Bill would ease gun info-sharing

As the nation's capital region reeled from sniper attacks, the House passed legislation to make it easier for states to share information with a federal database of people prohibited from owning guns.

The legislation was approved unanimously Oct. 15 as law enforcement officials continued their manhunt for the sniper who has terrorized the Washington, D.C., area.

The legislation requires states and federal agencies to provide the FBI with all relevant records to conduct a criminal background check.

The bill establishes a nationwide grant program to state law enforcement agencies and state courts to automate and transmit records to be included in the federal instant background check database. The bill would provide more than $1 billion during the next three years to help states get records into a database.

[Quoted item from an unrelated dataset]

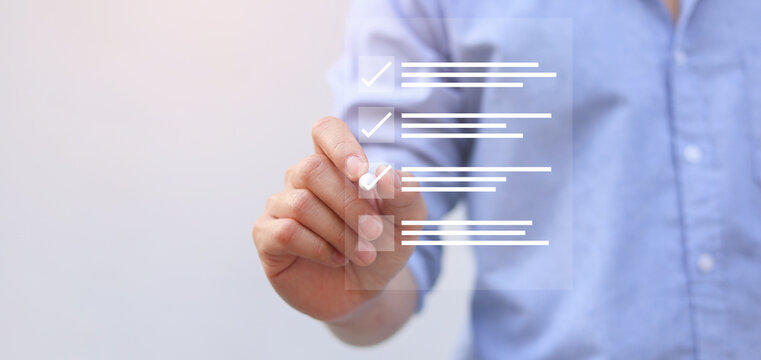 close up businessman manager hand use stylus pen to checkmark on virtual  survey report online checklist task to estimate and share opinion for business survey and checklist satisfaction concept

Rep. Connie Morella (R-Md.), who represents the area in suburban Maryland that was the site of several of the shootings, said authorities don't know how the sniper got a high-powered gun.

But, she said, "Ten thousand people who shouldn't have, got guns because of incomplete records. We don't know if this depraved killer would be 10,001."

The bill now moves to the Senate, where supporters hope it will pass before Congress recesses in advance of the November election.

With the mood in Congress grim over the sniper attacks, lawmakers as diverse as Rep. John Dingell, a Michigan Democrat who has been a leading foe of expanded gun control laws, and Sen. Larry Craig (R-Idaho), a National Rifle Association board member, support the legislation.